In other words, when the parameters are negative I would print a descending star in the length of the input minus one, and when the parameters are positive I would print the ascending star in the length of the input.
I've thought about Using a flag, but not instead of 2 integers.
Maybe if I'd add another flag and have 2 integers and a flag then I could solve it, but as I said, I tried to limit myself to 2 integers.
What I'm starting to think is that there is no way to pass the information required to print an ascending star in this method without using more than 2 integers and recursion.
But I'm still not so sure about that, hence the question.
I came up with:
void PrintTriangle(int size, int indent)
{
switch(size) {
case 0:
if (indent > 1) PrintTriangle(size, indent-1);
putchar('*');
break;
case 1:
PrintTriangle(size-1, indent+1);
putchar('\n');
break;
default:
PrintTriangle(1, indent);
PrintTriangle(size-1, indent+1);
PrintTriangle(1, indent);
break; }
}
int main()
{
PrintTriangle(6, 0);
return 0;
}
as a quick first attempt. Seems to do the job.
size is the size of the triangle to print, and indent is the number of extra stars to print before each row of the triangle. size==0 means just print indent stars and no newline (used to print the indent before the triangle)
If you want something a bit more compact, you could rewrite this as:
void PrintTriangle(int size, int indent)
{
if (size <= 0) {
if (indent > 1) PrintTriangle(size, indent-1);
putchar('*');
} else {
if (size > 1) PrintTriangle(1, indent);
PrintTriangle(size-1, indent+1);
if (size > 1) PrintTriangle(1, indent);
else putchar('\n'); }
}
Anything done with loops can be done with recursion with the same number of variables. You just have to tease out what is the state, and pass that updated state in a recursive call, instead of looping.
So let's do it iterativey, first. The input is size, the size of the triangle. Let's have two state variables, lineNumber from 1 to size*2-1 and columnNumber from 1 to size. Note that:
columnsForLine = lineNumber <= size ? lineNumber : size*2 - lineNumber
The iterative version would be like this:
int lineNumber = 1;
int columnNumber = 1;
int size = 6;
while (lineNumber <= size*2-1) {
printf("*");
int columnsForLine = lineNumber <= size ? lineNumber : size*2 - lineNumber;
if (columnNumber == columnsForLine) {
printf("\n");
columnNumber = 1;
lineNumber += 1;
}
else {
columnNumber += 1;
}
}
That does indeed work. Now how to do it recursively?

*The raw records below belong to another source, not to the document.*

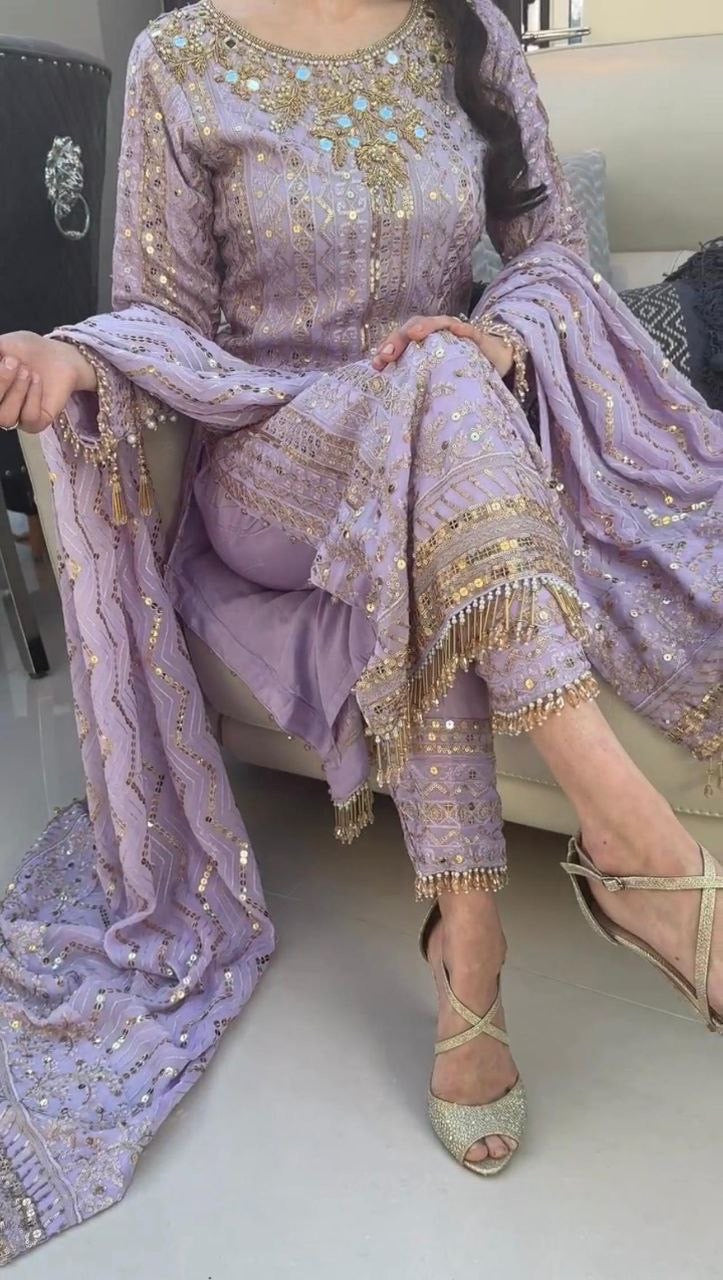 Lilac Pakistani Salwar Suit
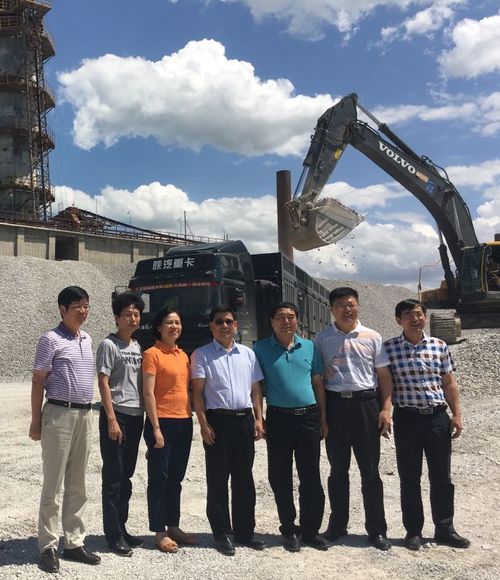 余仁貴：董飛龍到?？骗h(huán)彊公司檢查指導工作[3].jpg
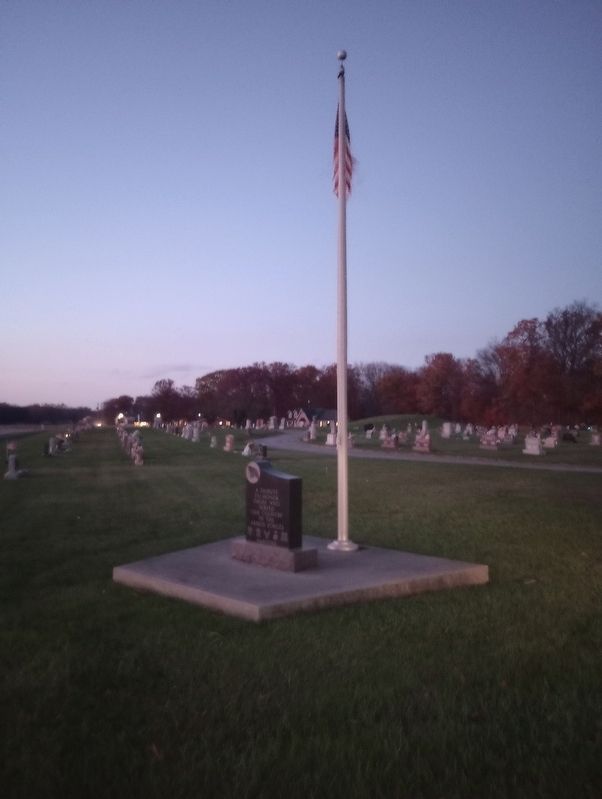 Hartford Cemetery Veterans Memorial image. Click for full size.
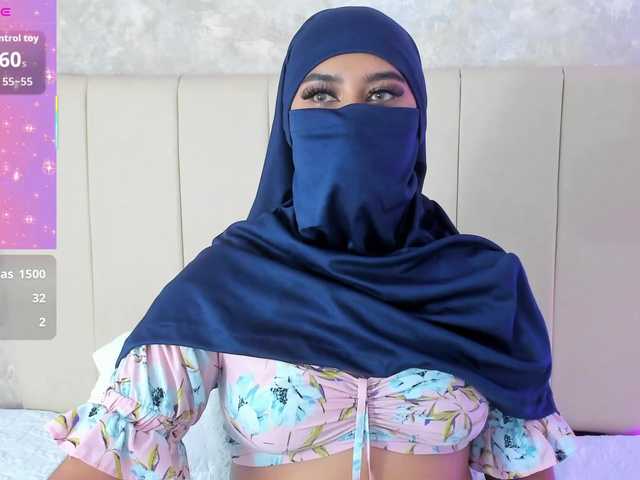 Dakshaa's BongaCams show and profile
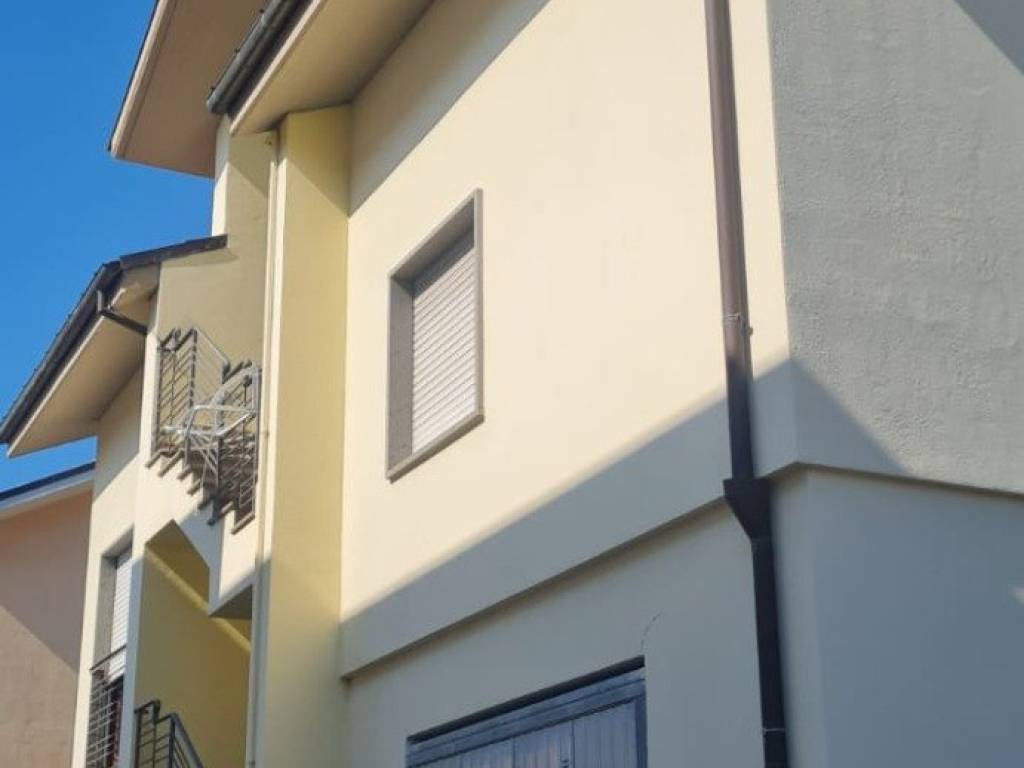 intera palazzina in affitto a L'Aquila in zona Coppito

Just tease out where state is being updated and do that as a recursive call:
void recstars(int size, int lineNumber, int columnNumber) {
if (!(lineNumber <= size*2 - 1)) {
return;
}
printf("*");
int columnsForLine = lineNumber <= size ? lineNumber : size*2 - lineNumber;
if (columnNumber == columnsForLine) {
printf("\n");
recstars(size, lineNumber + 1, 1);
}
else {
recstars(size, lineNumber, columnNumber + 1);
}
}
recstars(6, 1, 1);
And voila. Works for any size, e.g. 13.
Note that the code is basically the same, it's just a matter of doing the control flow differently. Also note that this is tail-recursive, meaning a smart compiler would be able to execute the recursive calls without growing the stack for each call.
Hmm if you only want to use 2 variables though, including the input, will be a bit trickier... you can always cheat and stuff all 3 integers into one integer, then unpack it & re-pack it each time. e.g.
void recstars(int state) {
int size = state / 10000;
int lineNumber = (state - size*10000) / 100;
int columnNumber = state - size*10000 - lineNumber*100;
if (!(lineNumber <= size*2 - 1)) {
return;
}
printf("*");
int columnsForLine = lineNumber <= size ? lineNumber : size*2 - lineNumber;
if (columnNumber == columnsForLine) {
printf("\n");
recstars(size*10000 + (lineNumber+1)*100 + 1);
}
else {
recstars(size*10000 + lineNumber*100 + (columnNumber+1));
}
}
recstars(6*10000 + 1*100 + 1);
Seems to work. Is that legit, you think?
Otherwise, the tricky part isn't the recursion, it's just getting the job done with only 2 ints for state. Can you do it iteratively with only 2 integers?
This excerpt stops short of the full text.